We were very fortunate because Proton suddenly announced a Merdeka/ Hari Raya discount of 5% across their complete range of models. This suddenly brought the Proton Preve Premium version within our range at around RM68,000 (solid colours) and really great value as it has loads of features not present in the basic Honda, Toyota and Nissan models. This includes a Turbo engine, touch screen with built-in sat-nav, 6 air bags, push button start, automatic lights and wipers, etc.. The offer also included 3 years free service and range of gifts including free in-car wifi hub with access for a year, free SmartTAG, full tank fuel, etc.

So that's the story in brief about how my wife ended up with a Proton Preve 1.6 CFE CVT Premium car powered by the Campro CFE 1561cc turbo engine with 7 speed ProTronic transmission and mounted on great looking 17" alloy wheels with 215/45 R17 tyres.


Watch out for a more detailed review of the car later.

(updated 22 October 2014).

Had the chance to try out the new Proton Iriz a few days after it was launched. There were three variants at the showroom at  Taman Megah, PJ, near my house in Malaysia.

Quite impressed - Proton has indeed come a long way.

The green one is the manual variant.












There was an automatic white car outside (for test drive). Loved the sound of the exhaust. They have tuned it to sound like a much more powerful sports car.







The grey one is the premium variant with six air bags, rear cameras, touch screen GPS, turbo engine and loads of other extras.





The second generation Proton Perdana was unveiled last year and is only available exclusively to Malaysian Government officials. The car is available in 2.0 and 2.4 litre models and according to reports, is based on the 8th generation Honda Accord.

Saw one a few days back in PJ and it really looks nice.
Stuck at traffic lights when I took this picture.


2014 Proton Perdana Front Three Quarter CC BY-SA 3.0
Paul Tan paultan.org's contribution to Wikimedia

Malaysian car company is launching their new compact car the Proton Iriz today.

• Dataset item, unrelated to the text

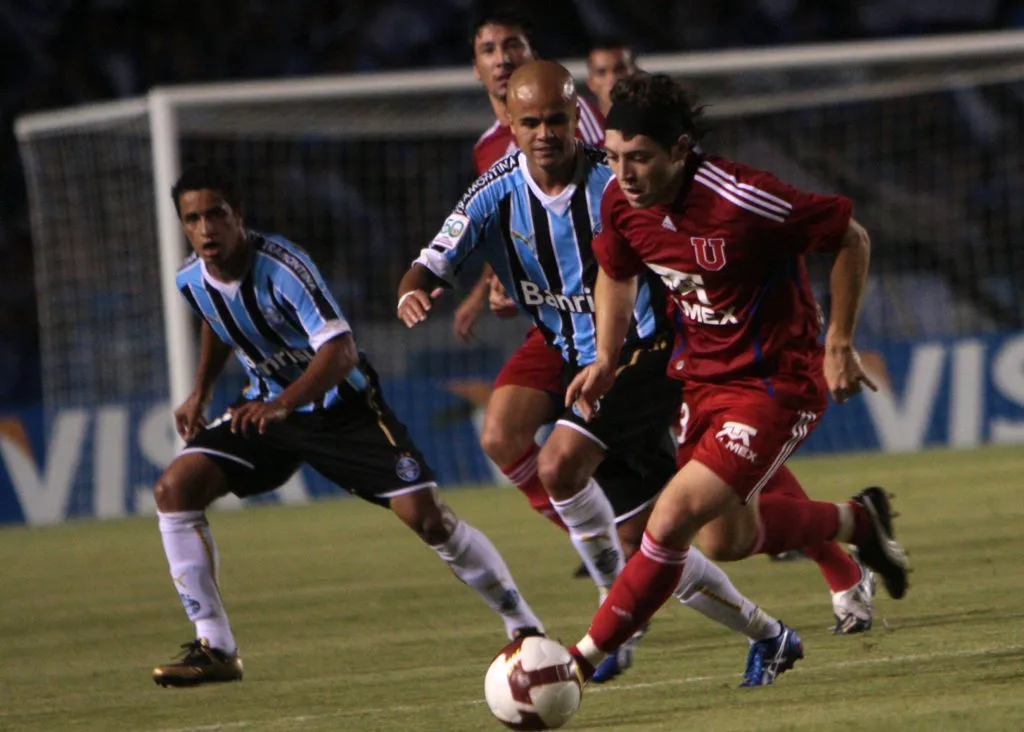 La U se cerró en 2009 y se trajo un 0-0 ante Gremio por Copa Libertadores. WESLEY SANTOS/FOLHA IMAGEM/PHOTOSPORT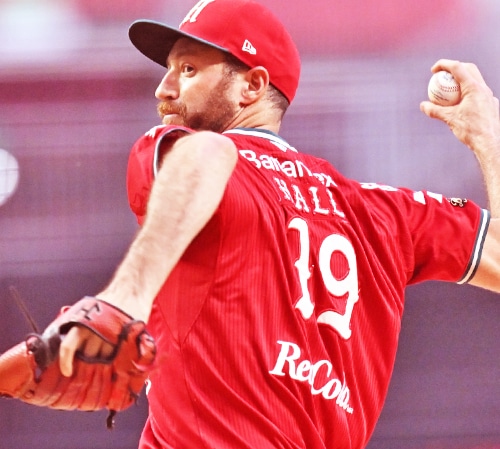 EMPEZÓ EL JUEGO DE PITCHER… CONTINUÓ DE COACH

Blogger Paul Tan is streaming the launch live.

Even before the launch of the car, it has received five-star rating in Adult Occupant Protection and four-star rating in Child Occupant Protection by the New Car Assessment Programme for Southeast Asian Countries (Asean NCAP).

The car will come in 3 Trim lines and 8 variants and in 7 colours.

Prices of the car (on-the-road) will be between RM42,438 and RM62,888.


Wanted a small, affordable second car for city driving in Malaysia.
The maximum budget is RM 40K (approx £7298).

If I had that budget here in the UK, I would probably go for a second hand car and would have several options.

However, in Malaysia there are only 2 options available, namely the Perodua ViVA (Yes! That is how the name is written) with prices starting from RM 24,936.45 (for the ViVA 660 BX - Manual, solid white colour) and the Proton Saga with prices from RM 33,426 (for the Saga SV Manual, solid white colour). The SV stands for Super Value.

Dimension wise, the Perodua ViVA (3575 x 1475 x 1530) is slightly smaller but taller than the Proton Saga (4278 x 1680 x 1520).

Looking at the websites of the two Malaysian car companies, I am quite impressed with the information provided from engine specs in detail to the various accessories available.

Though there is nearly RM 8000 difference in prices between the two cars, the Viva seems quite underpowered even for a city car with an engine displacement of only 659 cc. If I choose the ViVA 850 - Manual (847cc), prices goes up to RM 32,756.45.

I am not too concerned about the maximum speed but I am definitely interested in the fuel efficiency.

The Perodua website does not tell us anything about the fuel efficiency, other than mentioning that the cars have been equipped with "Dynamic Variable Valve Timing (DVVT), Double Overhead Camshaft (DOHC) and Electronic Fuel Injection  (EFI)".

The Proton Saga has a CamPro IAFM, 4-cylinder, DOHC 16V 1332cc engine and according to their website, the fuel consumption at @ 90km/h (approx. 56m/h) is 5.7 litres.

So if you had RM 40000 to spend on a car, I would definitely recommend the Proton Saga.